MIDI controller, a couple fuzz factories, giggity, and tuner. The expression pedals are for wah, whammy and volume.










It's completely ridiculous but oh so much fun.


----------



## hollowbody (Jan 15, 2008)

Holy crap. That's an amazing rig! That must be awesome to play with!


----------



## Guest (Apr 27, 2015)

That. Is. Amazing. Wow! I'm totally smitten with those RJM midi controllers but they're out of my price range. Some day!


----------



## sulphur (Jun 2, 2011)

Nice!

That's an impressive rig!


----------



## exhausted (Feb 10, 2006)

iaresee said:


> That. Is. Amazing. Wow! I'm totally smitten with those RJM midi controllers but they're out of my price range. Some day!

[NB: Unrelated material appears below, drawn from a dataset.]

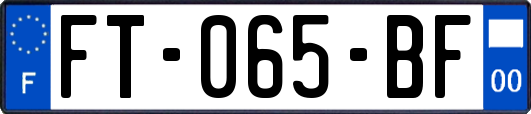 FT-065-BF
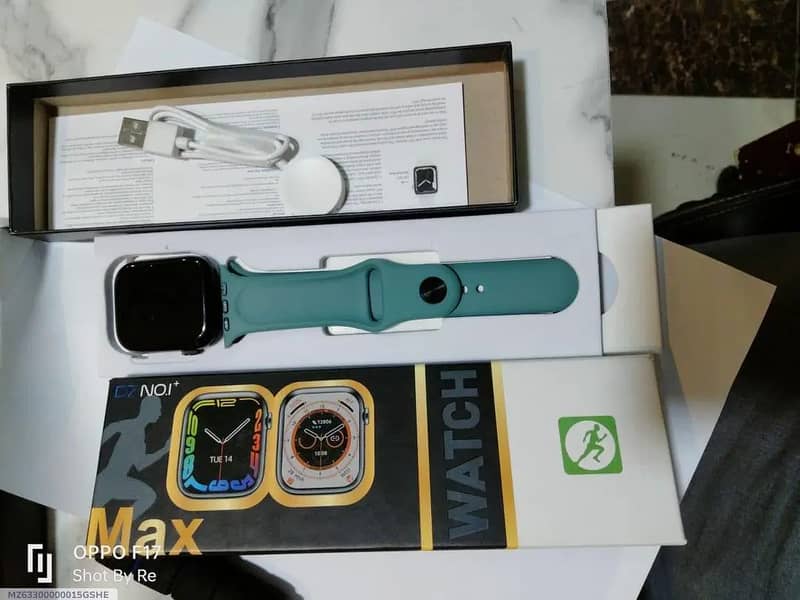 7 Max Smart Watch 1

It's been great and just gets better with each update. I got mine from the first batch a couple years ago. I was looking at the liquid foot at the time but it appears the only person that can get those is Matthew Bellamy. It may be better now but at the time it was complete vapourware. I'm glad I went with the RJM. The support as the firmware developed has been amazing.


----------



## Guest (Apr 27, 2015)

exhausted said:


> It's been great and just gets better with each update. I got mine from the first batch a couple years ago. I was looking at the liquid foot at the time but it appears the only person that can get those is Matthew Bellamy. It may be better now but at the time it was complete vapourware. I'm glad I went with the RJM. The support as the firmware developed has been amazing.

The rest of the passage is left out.